**EXERCISE DIRECTIONS:**
Would you restate all of the entries verbatim, minus any images?

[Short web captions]
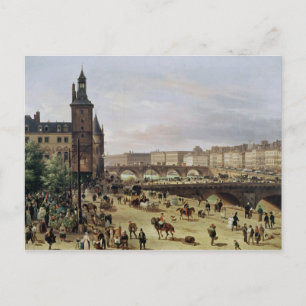 The Flower Market, 1832 Postcard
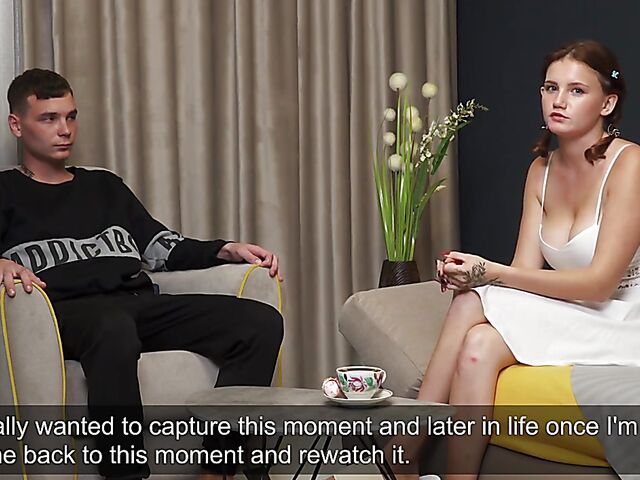 Galinka Nagymellu - Russian busty teen losing virginity with her boyfriend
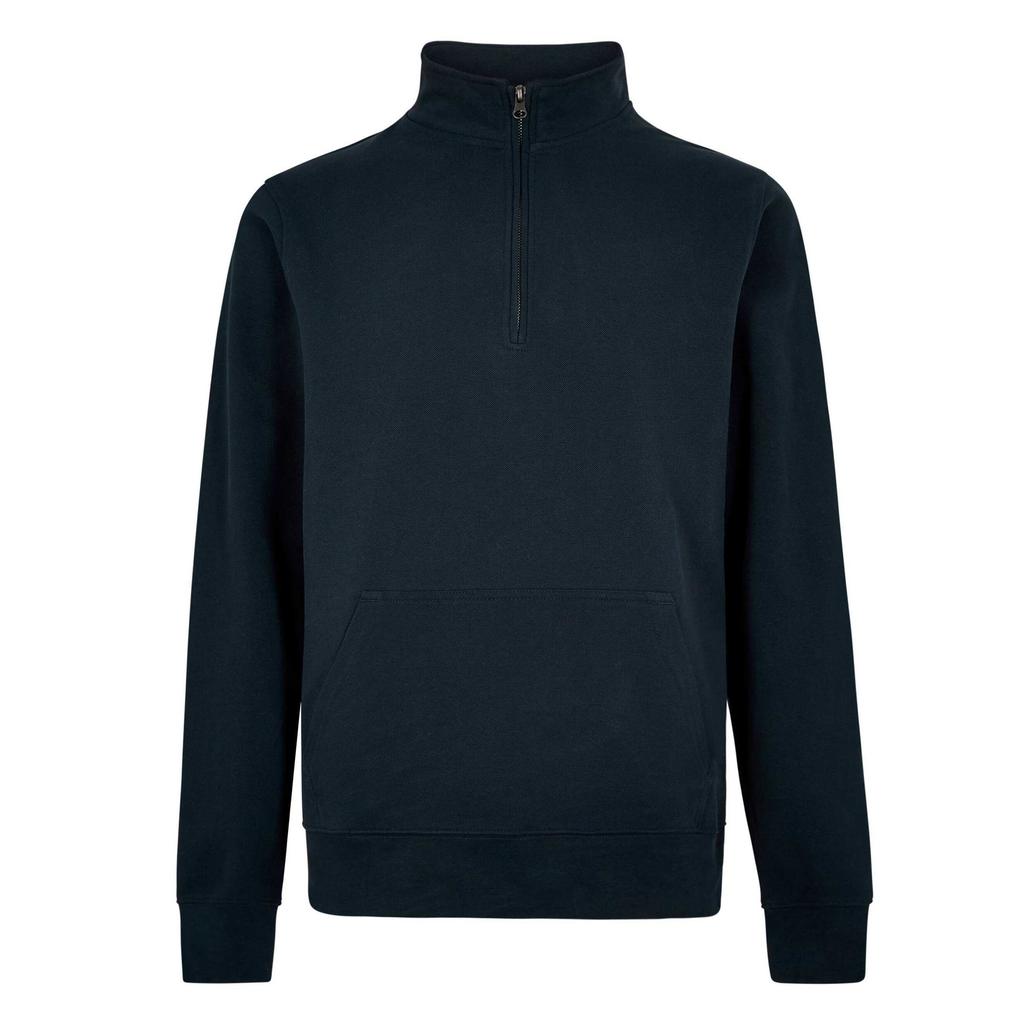 Kustom Kit Mens Pique Quarter Zip Sweatshirt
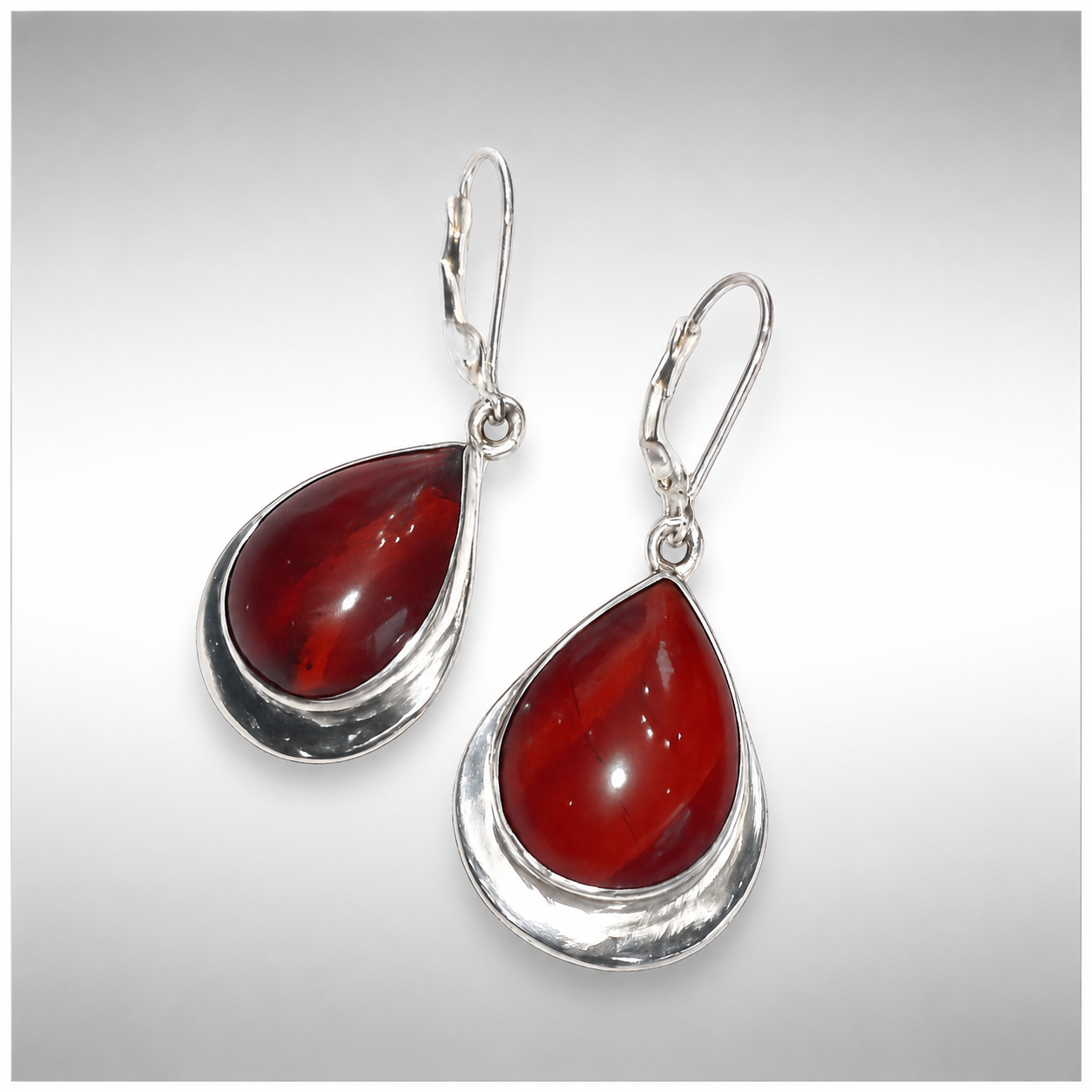 Red Jasper Earrings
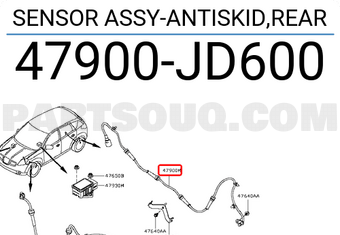 Nissan 47900JD600 SENSOR ASSY-ANTISKID,REAR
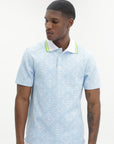 Casablanca Jacquard Polo Pale Blue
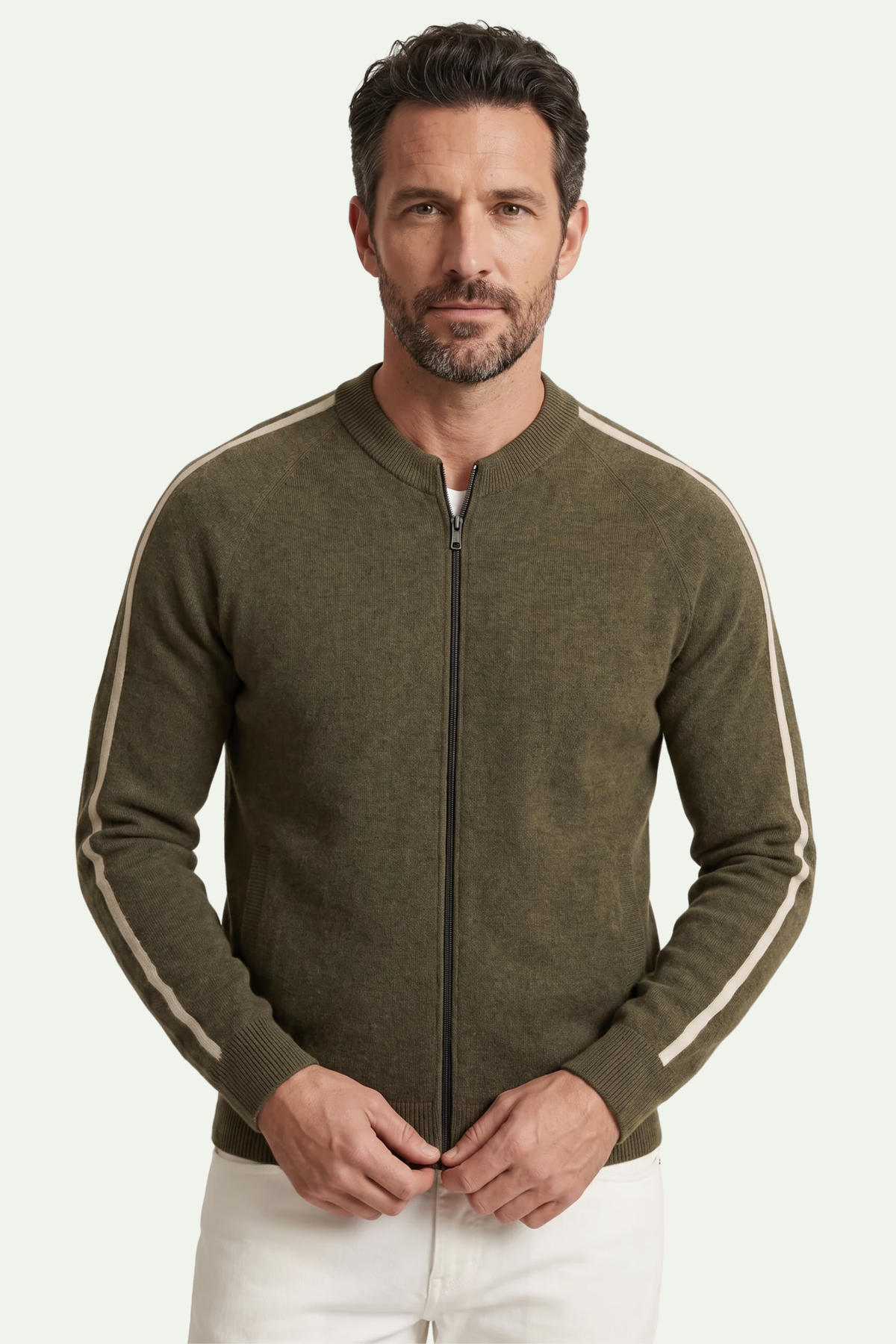 Mirsino Zip Knit Olive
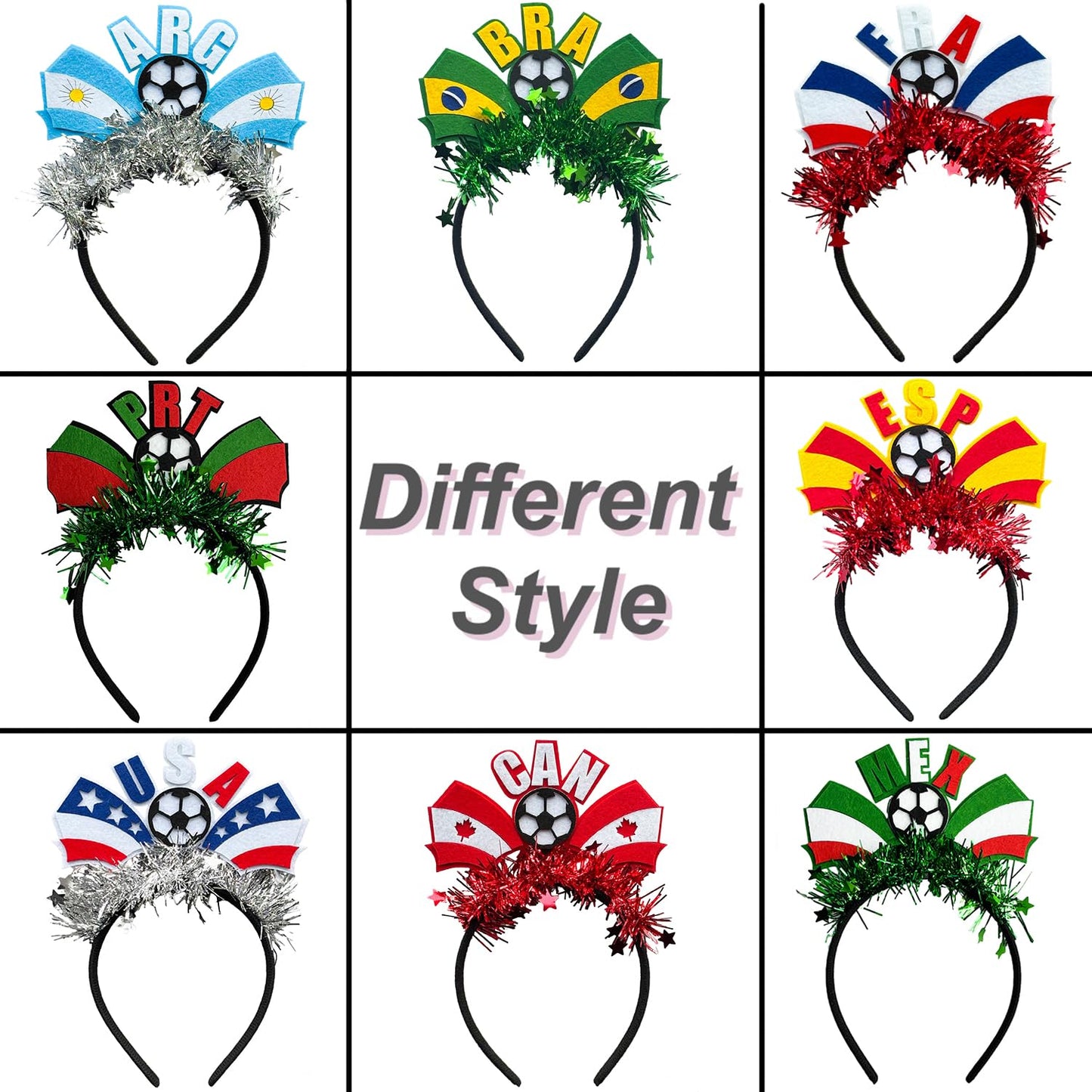 KASOICRA France Flag Headband Football Hair Hoops World Cup Party Headbands for Soccer Fans for Soccers Accessories Women Men Soccers Hair Bands Game Day Sports Hair Decoration 1Pcs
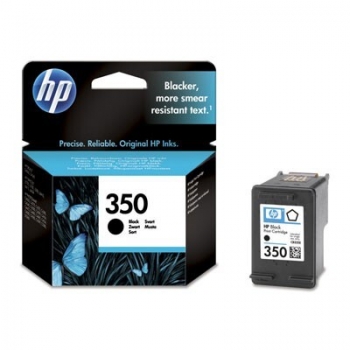 Cartus Cerneala HP Nr. 350 Black Vivera Ink 200 Pagini for Deskjet D4260, D4280, D4360, Photosmart C4480, C4580, OfficeJet J5780, Photosmart C4280 AIO, OfficeJet J6140, Photosmart C5200, C5280 AIO, D5360 CB335EE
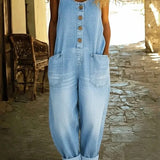 Kinga - Kombinezon z Prania Denimu Vintage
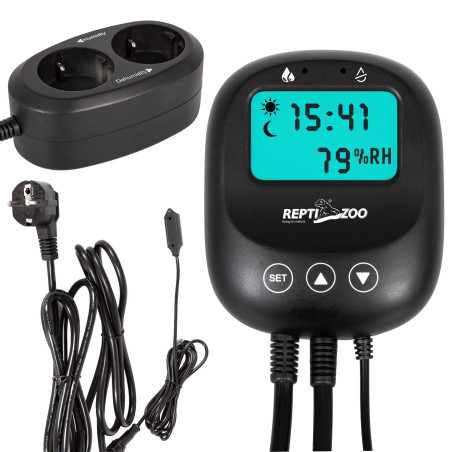 Repti-Zoo Digital Hygrostat day/night - Idealny do terrarium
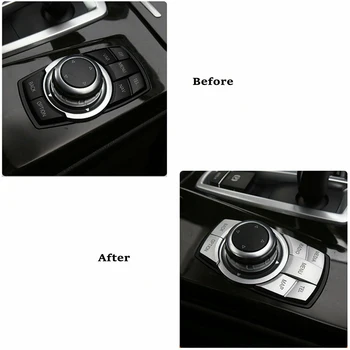 

Chrome IDrive Multi Media Button Cover Decor Trim For BMW 1 3 4 5 6 X5 X6 Most Suitable Installation Location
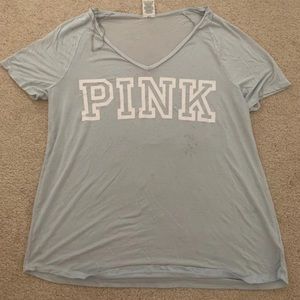 Pink Victoria's Secret Mint T-Shirt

**SOLUTION TO THIS TASK:**
 The Flower Market, 1832 Postcard
 Galinka Nagymellu - Russian busty teen losing virginity with her boyfriend
 Kustom Kit Mens Pique Quarter Zip Sweatshirt
 Red Jasper Earrings
 Nissan 47900JD600 SENSOR ASSY-ANTISKID,REAR
 Casablanca Jacquard Polo Pale Blue
 Mirsino Zip Knit Olive
 KASOICRA France Flag Headband Football Hair Hoops World Cup Party Headbands for Soccer Fans for Soccers Accessories Women Men Soccers Hair Bands Game Day Sports Hair Decoration 1Pcs
 Cartus Cerneala HP Nr. 350 Black Vivera Ink 200 Pagini for Deskjet D4260, D4280, D4360, Photosmart C4480, C4580, OfficeJet J5780, Photosmart C4280 AIO, OfficeJet J6140, Photosmart C5200, C5280 AIO, D5360 CB335EE
 Kinga - Kombinezon z Prania Denimu Vintage
 Repti-Zoo Digital Hygrostat day/night - Idealny do terrarium

Chrome IDrive Multi Media Button Cover Decor Trim For BMW 1 3 4 5 6 X5 X6 Most Suitable Installation Location
 Pink Victoria's Secret Mint T-Shirt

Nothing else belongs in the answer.